Dalam acara penyambutan saya di sekolah tersebut, seorang tokoh Agama sekaligus perintis sekolah memberikan kata sambutan yang tidak akan pernah saya lupakan. Beliau mengatakan bahwa di pedalaman pulau Timor, masyarakat tidak hanya membutuhkan sarjana dengan gelar S.Pd, S.Si, SH, S.Pt dan seterusnya. Tetapi yang lebih dibutuhkan dan diharapkan masyarakat pedalaman ialah seorang serjana dengan gelar “Si”. Si (es i) dalam bahasa Timor (Suku Dawan) berarti “disini”. Guru yang selalu hadir di sini, di lingkungan sekolah dan masyarakat. Guru yang setia pada panggilannya sebagai guru.
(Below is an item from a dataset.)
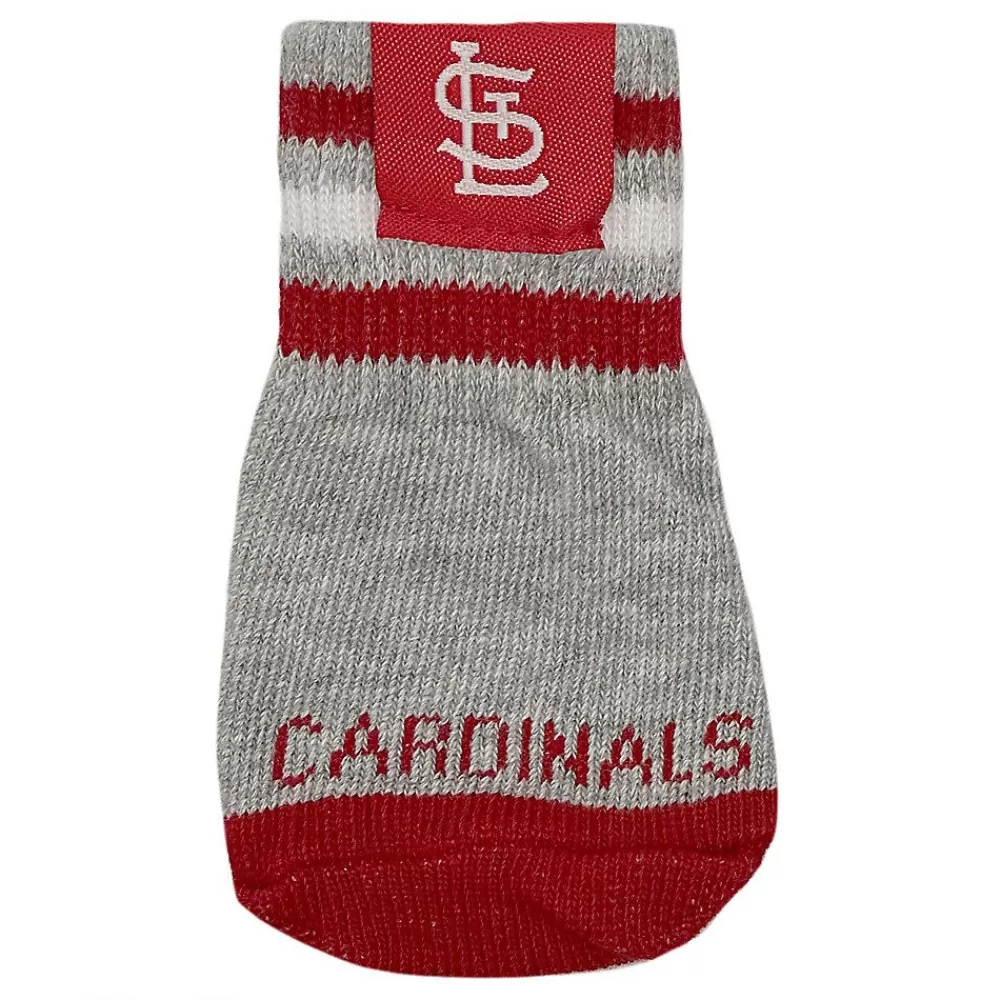 Clothing & Shoes<Pets First St. Louis Cardinals Pet Socks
Masyarakat pedalaman Timor sangat mengharapkan kehadiran seorang sarjana atau guru yang bersedia memberi diri mengabdi bagi masyarakat di pedalaman. Bukan seorang yang cuma menjadikan pekerjaan guru sebagai cara mencari nafkah semata. Guru yang mau berbaur dengan masyarakat dan menjadi tokoh/ agen pendidikan bagi mereka. Sungguh suatu kerinduan masyarakat yang luar biasa, sesuai dengan prinsip “the right men on the right place”.
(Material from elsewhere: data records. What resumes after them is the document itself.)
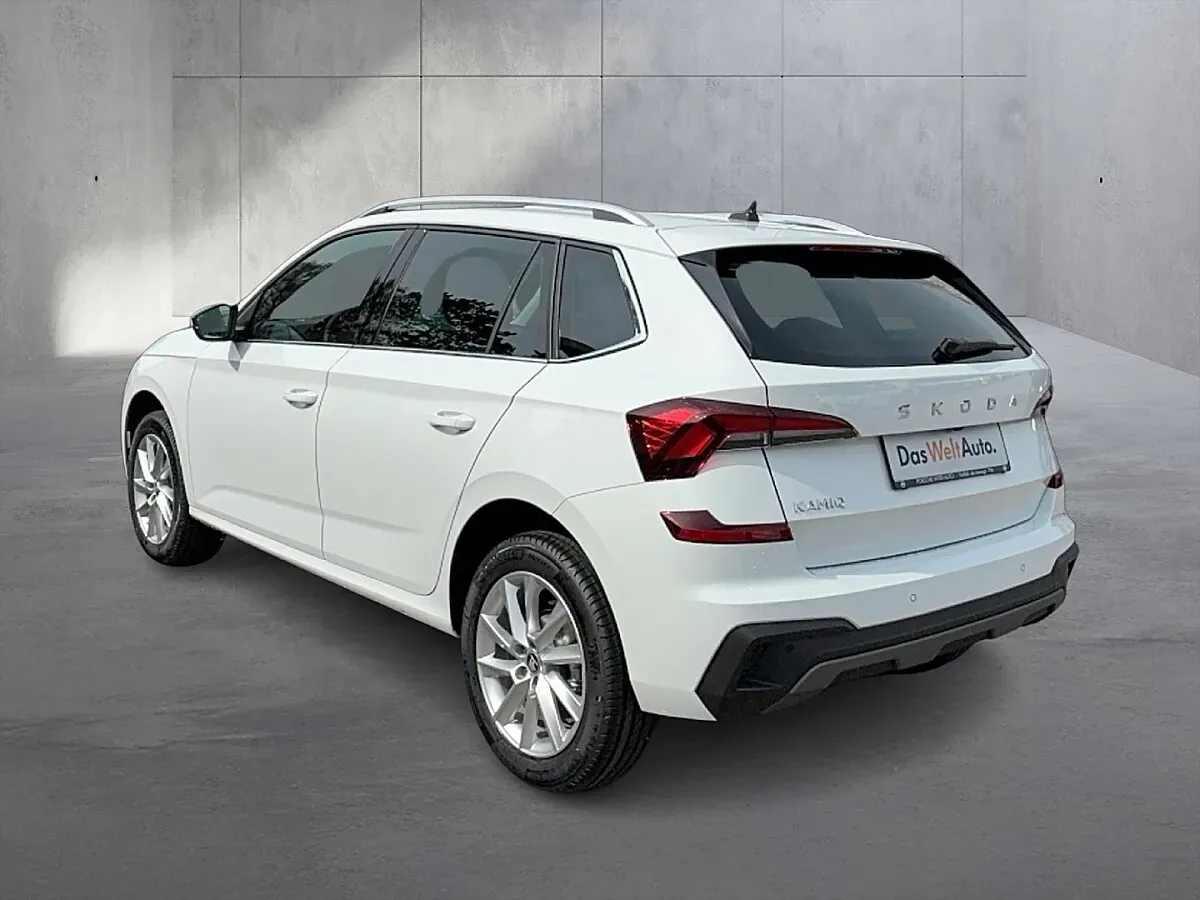 Skoda Kamiq 2026 photo 3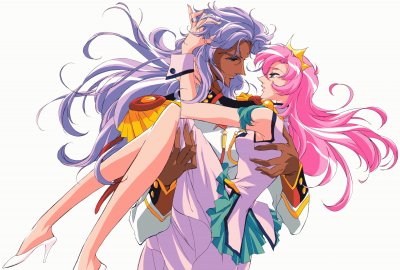 Revolutionary Girl Utena 2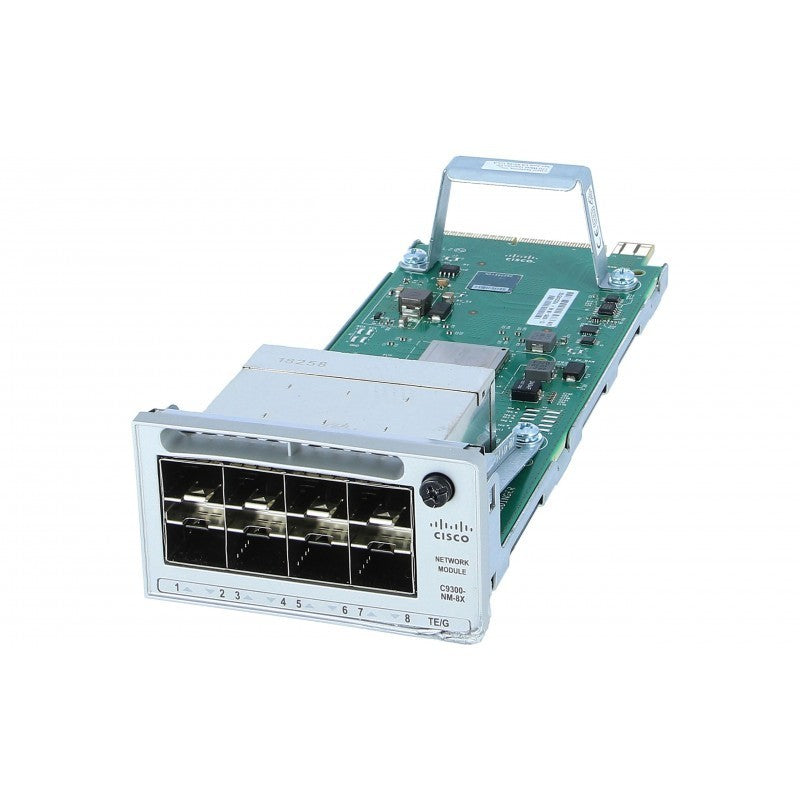 [AU Seller] Cisco C9300-NM-8X Catalyst 9300 8 x 10GE Network Module - Tested A-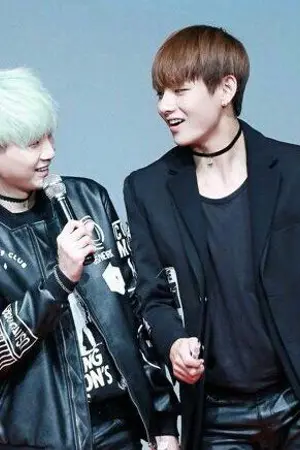 ปกนิยาย [BTS ll os/sf ] Cutie boy next dooR ll VGa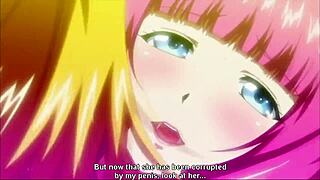 Busty Anime Girls Go FULL LESBIAN on each other with Big Tits and Pussy Play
Setahun berlalu dan status sekolah kami dinaikkan dari filial SMP Negeri 1 Amfoang Selatan menjadi SMP Negeri 3 Amfoang Selatan. Gedung permanen yang diusulkan belum juga terealisasi. Sementara gedung darurat sudah mulai bertambah “darurat” keadaannya. Memasuki musim hujan, kami mengusulkan kepada orang tua peserta didik dan masyarakat untuk bergotong-royong memperbaiki atap. Usulan diterima namun susah untuk direalisasikan mengingat hampir 100% mata pencaharian orang tua peserta didik adalah petani, sehingga disaat yang sama mereka sibuk mempersiapkan lahan pertanian. Alhasil kami meminta peserta didik untuk membawa jerami agar menambal lubang atap yang sudah terlalu lebar karena lapuk dan ditiup angin.
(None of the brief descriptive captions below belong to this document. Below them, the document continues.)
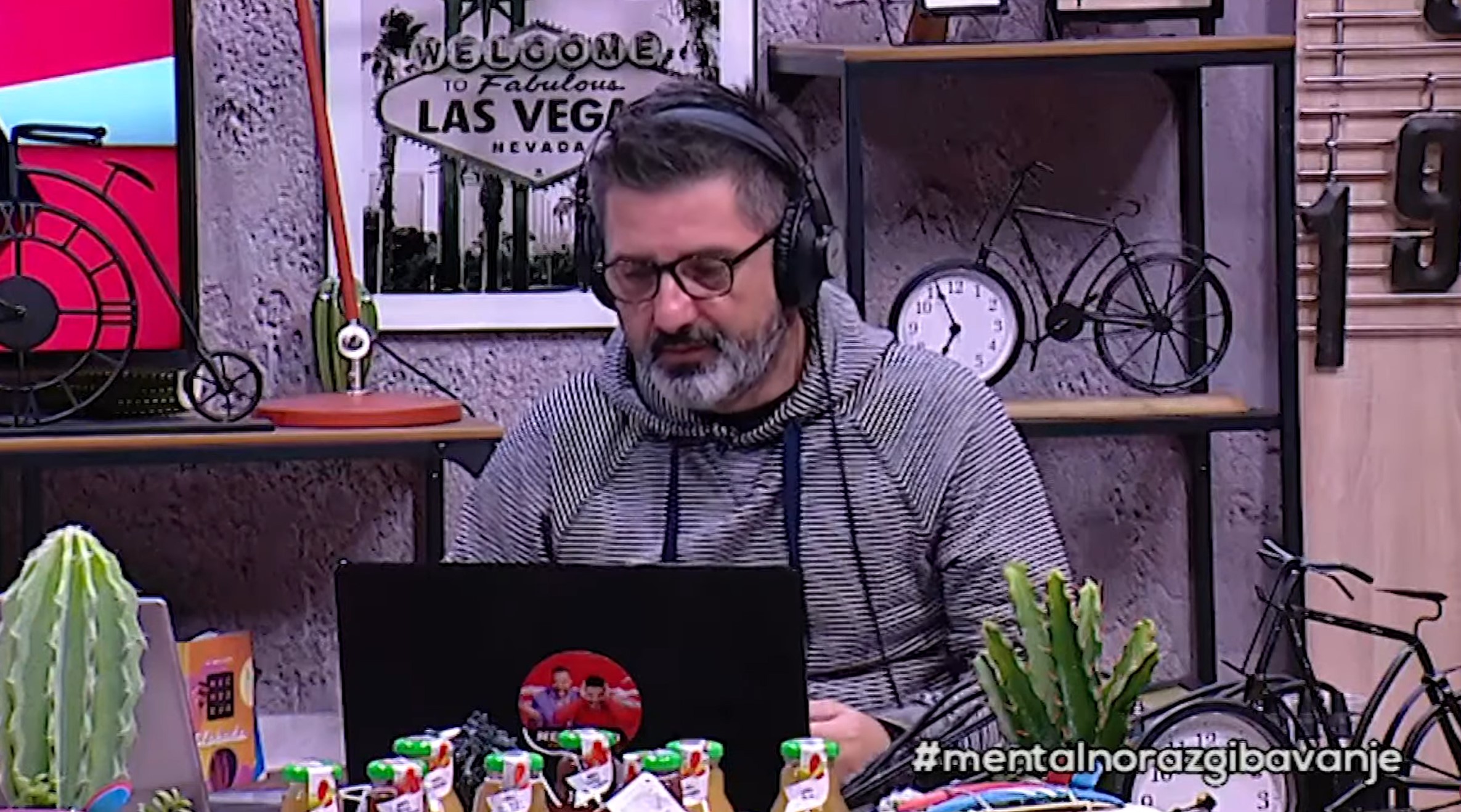 Mentalno Razgibavanje: 12.11.2020.
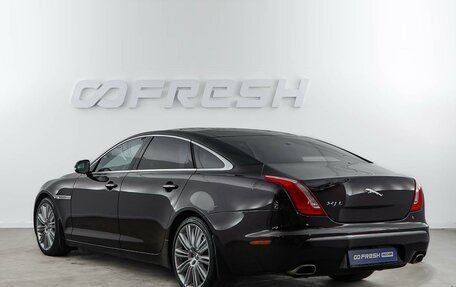 Jaguar XJ IV (X351), 2010 год, 2 077 077 рублей, 2 фотография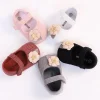 Baby Step Shoes Baby's First Pair of Toddler Shoes Baby Shoes Breathable Non-slip Girls Fashion Shoes Princess Style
Musim hujan pun tiba. Doa kami ialah sekiranya hasil tambalan atap tersebut bisa bertahan hingga musim hujan berlalu. Namun di dalam hati kami ada kekhawatiran dan kecemasan. Akhirnya yang dikhawatirkan terjadi pula. Guru dan murid harus berpindah atau bergeser beberapa kali di dalam kelas untuk menghindari tetesan air hujan yang menembus atap jerami. Untuk opsi berpindah ruangan adalah tidak mungkin, karena semua ruangan mengalami hal yang sama.

Saat itu saya berdiri dan menulis di papan tulis (blackboard) menggunakan kapur tulis. Tetes demi tetes membasahi baju dan tangan dan buku-buku saya di meja guru. Saya terus menulis, dengan harapan basah sedikit tak apalah jika dibanding dengan ilmu yang saya sampaikan lewat tulisan di papan tulis. Hujan semakin besar, saya mengarahkan peserta didik untuk bergeser mencari tempat yang kering sembari terus belajar. Setengah jam berlalu dan cuma tersisa satu meja peserta didik yang lolos tak terkena air hujan. Saya melihat bagaimana mereka terus bersemangat belajar, walau berdesakan. Hujan semakin deras, suara saya tak mampu menandingi riuhnya suara angin dan desau air hujan. Akhirnya kami harus menyerah dengan cuaca yang tak bersahabat.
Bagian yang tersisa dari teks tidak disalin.